In 1909, the Northern Michigan Transportation Company, a steamship company, became involved as an investing and operating partner of the Inn, and in 1914 the company took over the management completely. The resort complex continued to expand rapidly. In 1932, the Inn was sold to J.J. Smith, who moved his clientele from the Pine
Ridge Resort complex at Hamlin Lake near Ludington, after that resort burned. Smith owned the Inn until his death in 1960. The Inn continued to operate for a number of years, and experienced ups and downs. As of 2017, the resort was purchased by a developer, and rehabilitation plans are in the works.

==Description==
The Portage Point Inn Complex is located on Portage Point, a peninsula which separates Lake Michigan from Portage Lake. The complex contains fifteen buildings constructed between 1902 and 1954; all but the last 1954 building contribute to the historic character of the complex. The buildings include:

- Original Inn (1901–02, 1913–14) The original inn is a three-story Colonial Revival structure with a gambrel roof, clad with white clapboards. Originally constructed in 1901/02, the veranda was enclosed in 1913/14.

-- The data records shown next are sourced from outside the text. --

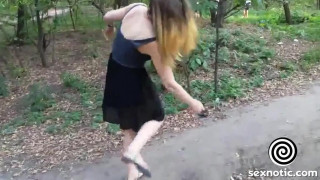 Girl walks in the Park with naked booty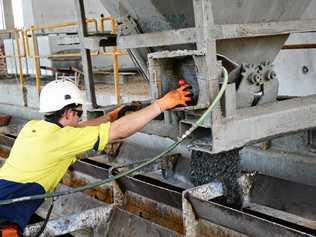 A worker pours concrete in to a pile mould. Picture: Allan Reinikka ROK070217astressc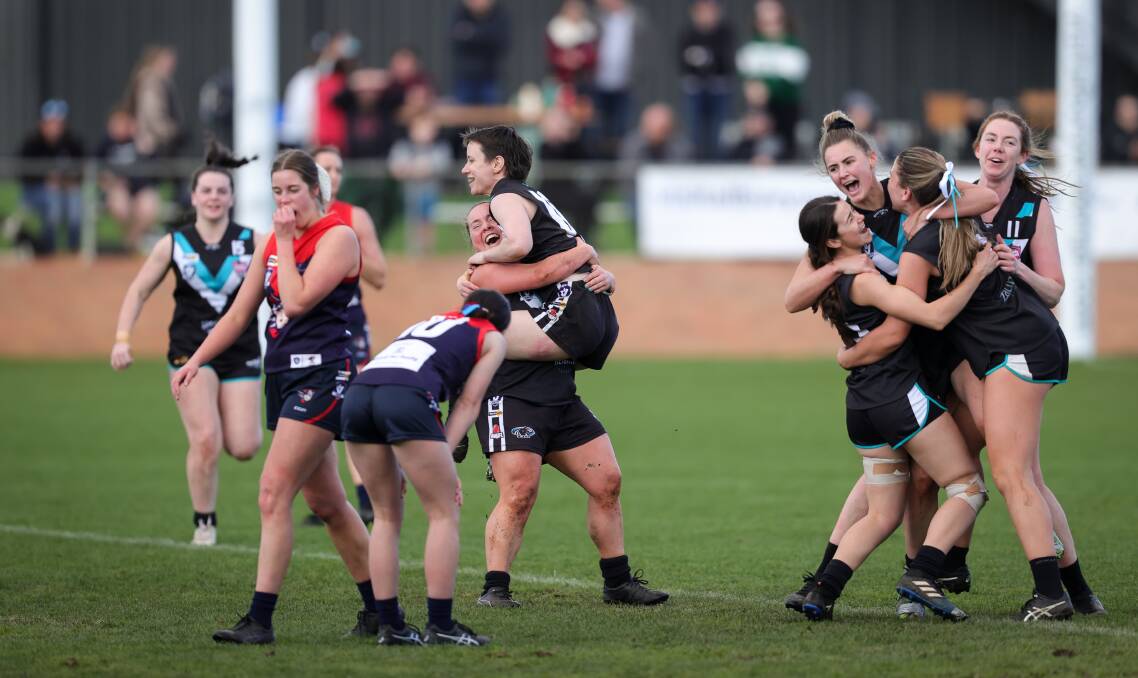 SPECIAL: Lavington celebrates its maiden open North East Border Female Football League flag against Wodonga Raiders. Picture: JAMES WILTSHIRE
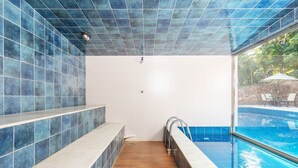 Un baño con suelo de madera, bañera blanca y pared con azulejos azules.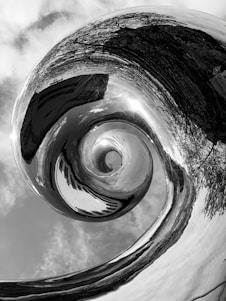 A black and white abstract image featuring a swirling, spiral vortex. The vortex appears to distort its surroundings, including reflections of trees and sky. The spiral creates a dynamic visual effect, drawing the viewer's eye towards the center.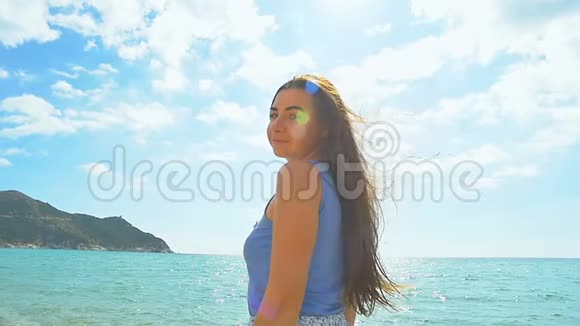 海滩上的女人肖像阳光明媚的海滩和清澈的碧水慢动作视频的预览图
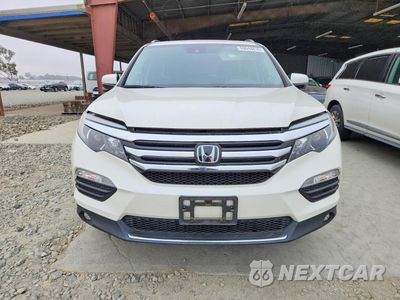 Piąte zdjęcie samochodu w środku: 2017 HONDA PILOT TOURING VIN:5FNYF5H96HB026567 - miniatura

- New Inn (Main Hotel) (1911–1912) The main hotel is a 3 1/2-story structure with a gambrel roof, fronted by a two-story portico with Tuscan columns.
- Casino/Dance Pavilion (1908) The casino is a rectangular, one-and-one-half-story structure with a high, gable roof surrounded by verandas.(torn down in 2024)
- Beech Lodge (1906) The Beech Lodge is an H-shaped, two-and-one-half-story cross-gable Craftsman structure with a steeply pitched roof supported by open triangular brackets. A wood beltcourse accents the structure.
- Hull House Cottage (1900–1901) The Hull House Cottage is a two-story, gable-roofed, structure clad with white clapboards. It has a Queen Anne style wraparound porch.
- Rexwood Cottage (1917) The Rexwood Cottage is single story T-shaped Colonial structure with a gable roof and a wooden square-post porch.
- Lakeview Cottage (c.1910) The Lakeview Cottage is single story L-shaped Colonial structure with a gable roof and a wooden square-post porch.
- Avalon Cottage (1911) The Avalon Cottage is single story L-shaped Craftsman structure clad with clapboards. It has a curved pergola-porch entry portico, and triangular stick brackets supporting broad eaves.
- Dollhouse Cottages 1-6 (190 and 1918). the Dollhouse Cottages are six identical single story end-gable structures with shed-roof porches.
- Terrace Building (1954) The Terrace building, designed by Cincinnati architect Jarres Nordloh, is a two-story Neo-Colonial structure with a gable roof and clad with white-painted shingle. Double-decker verandas face the lake.